● Goal of the exercise: Everything from the line holding "小程序开发中的性能监控与优化方案（小程序性能测试指标衡量）" through the last line of the listing needs to be repeated exactly, with no other lines.

[Start of section]

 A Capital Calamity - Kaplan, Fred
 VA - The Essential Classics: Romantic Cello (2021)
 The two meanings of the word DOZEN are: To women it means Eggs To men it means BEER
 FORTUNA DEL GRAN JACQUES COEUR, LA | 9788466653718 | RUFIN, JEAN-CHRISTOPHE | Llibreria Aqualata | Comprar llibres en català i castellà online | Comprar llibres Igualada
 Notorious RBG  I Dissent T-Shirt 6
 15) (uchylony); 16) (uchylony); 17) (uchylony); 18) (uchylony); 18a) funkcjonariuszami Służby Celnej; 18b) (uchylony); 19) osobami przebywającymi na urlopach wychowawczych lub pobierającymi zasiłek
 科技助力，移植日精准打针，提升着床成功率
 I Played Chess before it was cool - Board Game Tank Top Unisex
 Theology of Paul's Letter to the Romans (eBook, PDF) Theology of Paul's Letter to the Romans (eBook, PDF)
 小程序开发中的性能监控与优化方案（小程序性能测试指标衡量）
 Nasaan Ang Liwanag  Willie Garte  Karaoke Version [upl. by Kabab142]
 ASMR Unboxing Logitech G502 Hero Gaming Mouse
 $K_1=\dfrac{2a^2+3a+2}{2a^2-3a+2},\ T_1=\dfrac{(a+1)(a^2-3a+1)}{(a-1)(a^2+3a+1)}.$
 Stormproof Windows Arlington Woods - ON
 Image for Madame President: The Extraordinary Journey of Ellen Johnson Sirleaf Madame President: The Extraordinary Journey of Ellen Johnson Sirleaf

[End of section]

● Output of the task:
 小程序开发中的性能监控与优化方案（小程序性能测试指标衡量）
 Nasaan Ang Liwanag  Willie Garte  Karaoke Version [upl. by Kabab142]
 ASMR Unboxing Logitech G502 Hero Gaming Mouse
 $K_1=\dfrac{2a^2+3a+2}{2a^2-3a+2},\ T_1=\dfrac{(a+1)(a^2-3a+1)}{(a-1)(a^2+3a+1)}.$
 Stormproof Windows Arlington Woods - ON
 Image for Madame President: The Extraordinary Journey of Ellen Johnson Sirleaf Madame President: The Extraordinary Journey of Ellen Johnson Sirleaf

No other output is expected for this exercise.